## Exercise aim
All lines between the start of the listing below and the line containing "プリザーブドフラワー×チーズ", inclusive, must be repeated exactly.

━━━ Input data ━━━

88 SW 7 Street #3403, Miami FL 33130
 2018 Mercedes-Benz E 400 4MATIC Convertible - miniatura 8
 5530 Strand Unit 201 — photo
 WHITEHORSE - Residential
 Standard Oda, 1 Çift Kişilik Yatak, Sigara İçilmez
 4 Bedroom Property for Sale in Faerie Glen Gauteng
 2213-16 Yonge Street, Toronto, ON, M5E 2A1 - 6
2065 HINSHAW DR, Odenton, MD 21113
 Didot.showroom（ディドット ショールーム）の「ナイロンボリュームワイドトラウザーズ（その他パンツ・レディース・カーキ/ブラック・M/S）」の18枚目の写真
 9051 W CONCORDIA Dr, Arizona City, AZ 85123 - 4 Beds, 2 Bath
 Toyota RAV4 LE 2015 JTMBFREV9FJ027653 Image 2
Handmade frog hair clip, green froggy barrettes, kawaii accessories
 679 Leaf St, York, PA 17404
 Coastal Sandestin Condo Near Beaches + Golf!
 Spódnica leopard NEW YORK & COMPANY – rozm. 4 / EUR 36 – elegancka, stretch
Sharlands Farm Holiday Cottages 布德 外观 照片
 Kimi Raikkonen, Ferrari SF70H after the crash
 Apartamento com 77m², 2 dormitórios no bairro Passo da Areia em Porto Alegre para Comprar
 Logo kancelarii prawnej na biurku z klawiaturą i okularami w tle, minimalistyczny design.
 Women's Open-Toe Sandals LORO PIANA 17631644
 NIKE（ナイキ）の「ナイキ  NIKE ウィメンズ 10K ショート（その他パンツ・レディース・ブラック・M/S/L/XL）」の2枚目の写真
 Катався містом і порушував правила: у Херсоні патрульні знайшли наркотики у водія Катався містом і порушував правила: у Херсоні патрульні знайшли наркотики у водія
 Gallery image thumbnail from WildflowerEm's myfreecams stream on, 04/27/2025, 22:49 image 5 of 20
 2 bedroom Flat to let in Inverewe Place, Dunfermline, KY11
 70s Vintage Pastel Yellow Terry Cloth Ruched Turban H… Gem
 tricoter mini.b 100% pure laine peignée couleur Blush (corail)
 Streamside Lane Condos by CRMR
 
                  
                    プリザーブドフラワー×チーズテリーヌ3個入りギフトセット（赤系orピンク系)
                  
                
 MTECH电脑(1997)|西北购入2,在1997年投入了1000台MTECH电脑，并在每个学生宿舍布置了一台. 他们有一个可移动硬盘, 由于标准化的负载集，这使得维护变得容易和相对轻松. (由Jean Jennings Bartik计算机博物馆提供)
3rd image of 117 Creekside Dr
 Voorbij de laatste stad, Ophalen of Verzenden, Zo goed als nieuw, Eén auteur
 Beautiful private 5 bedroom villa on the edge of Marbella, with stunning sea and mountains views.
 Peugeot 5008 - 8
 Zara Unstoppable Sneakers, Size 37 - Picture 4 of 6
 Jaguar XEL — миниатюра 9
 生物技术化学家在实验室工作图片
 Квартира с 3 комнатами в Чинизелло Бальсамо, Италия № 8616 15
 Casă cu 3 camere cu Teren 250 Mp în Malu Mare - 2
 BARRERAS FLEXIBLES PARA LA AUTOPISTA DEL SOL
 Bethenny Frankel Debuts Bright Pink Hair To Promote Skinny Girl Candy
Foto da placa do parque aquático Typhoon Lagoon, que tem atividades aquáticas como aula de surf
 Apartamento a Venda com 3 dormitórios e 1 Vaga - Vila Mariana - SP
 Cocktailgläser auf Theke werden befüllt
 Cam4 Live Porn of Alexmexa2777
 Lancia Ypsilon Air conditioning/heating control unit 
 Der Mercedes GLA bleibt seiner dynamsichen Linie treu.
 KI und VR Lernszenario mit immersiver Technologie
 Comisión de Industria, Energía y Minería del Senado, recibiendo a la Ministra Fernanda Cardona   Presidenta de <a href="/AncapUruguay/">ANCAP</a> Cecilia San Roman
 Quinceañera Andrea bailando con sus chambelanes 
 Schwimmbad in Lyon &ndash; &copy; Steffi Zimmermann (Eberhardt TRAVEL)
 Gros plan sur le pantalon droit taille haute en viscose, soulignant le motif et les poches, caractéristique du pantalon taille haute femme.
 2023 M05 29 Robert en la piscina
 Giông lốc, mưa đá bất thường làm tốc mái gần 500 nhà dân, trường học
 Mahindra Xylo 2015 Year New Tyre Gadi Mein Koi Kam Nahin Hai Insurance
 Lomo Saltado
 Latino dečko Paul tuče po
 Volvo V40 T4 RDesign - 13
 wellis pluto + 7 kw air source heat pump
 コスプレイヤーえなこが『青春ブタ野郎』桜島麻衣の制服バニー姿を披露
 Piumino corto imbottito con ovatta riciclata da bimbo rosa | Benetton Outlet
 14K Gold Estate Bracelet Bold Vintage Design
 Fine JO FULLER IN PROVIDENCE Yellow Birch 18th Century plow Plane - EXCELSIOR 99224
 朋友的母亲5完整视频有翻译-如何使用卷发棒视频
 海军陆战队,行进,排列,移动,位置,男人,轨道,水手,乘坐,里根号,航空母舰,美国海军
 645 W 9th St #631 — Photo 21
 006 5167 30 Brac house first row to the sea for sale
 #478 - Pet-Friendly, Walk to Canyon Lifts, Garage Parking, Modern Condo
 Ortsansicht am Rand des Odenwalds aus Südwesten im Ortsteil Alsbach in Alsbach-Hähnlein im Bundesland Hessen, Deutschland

━━━

## Answer to this task
88 SW 7 Street #3403, Miami FL 33130
 2018 Mercedes-Benz E 400 4MATIC Convertible - miniatura 8
 5530 Strand Unit 201 — photo
 WHITEHORSE - Residential
 Standard Oda, 1 Çift Kişilik Yatak, Sigara İçilmez
 4 Bedroom Property for Sale in Faerie Glen Gauteng
 2213-16 Yonge Street, Toronto, ON, M5E 2A1 - 6
2065 HINSHAW DR, Odenton, MD 21113
 Didot.showroom（ディドット ショールーム）の「ナイロンボリュームワイドトラウザーズ（その他パンツ・レディース・カーキ/ブラック・M/S）」の18枚目の写真
 9051 W CONCORDIA Dr, Arizona City, AZ 85123 - 4 Beds, 2 Bath
 Toyota RAV4 LE 2015 JTMBFREV9FJ027653 Image 2
Handmade frog hair clip, green froggy barrettes, kawaii accessories
 679 Leaf St, York, PA 17404
 Coastal Sandestin Condo Near Beaches + Golf!
 Spódnica leopard NEW YORK & COMPANY – rozm. 4 / EUR 36 – elegancka, stretch
Sharlands Farm Holiday Cottages 布德 外观 照片
 Kimi Raikkonen, Ferrari SF70H after the crash
 Apartamento com 77m², 2 dormitórios no bairro Passo da Areia em Porto Alegre para Comprar
 Logo kancelarii prawnej na biurku z klawiaturą i okularami w tle, minimalistyczny design.
 Women's Open-Toe Sandals LORO PIANA 17631644
 NIKE（ナイキ）の「ナイキ  NIKE ウィメンズ 10K ショート（その他パンツ・レディース・ブラック・M/S/L/XL）」の2枚目の写真
 Катався містом і порушував правила: у Херсоні патрульні знайшли наркотики у водія Катався містом і порушував правила: у Херсоні патрульні знайшли наркотики у водія
 Gallery image thumbnail from WildflowerEm's myfreecams stream on, 04/27/2025, 22:49 image 5 of 20
 2 bedroom Flat to let in Inverewe Place, Dunfermline, KY11
 70s Vintage Pastel Yellow Terry Cloth Ruched Turban H… Gem
 tricoter mini.b 100% pure laine peignée couleur Blush (corail)
 Streamside Lane Condos by CRMR
 
                  
                    プリザーブドフラワー×チーズテリーヌ3個入りギフトセット（赤系orピンク系)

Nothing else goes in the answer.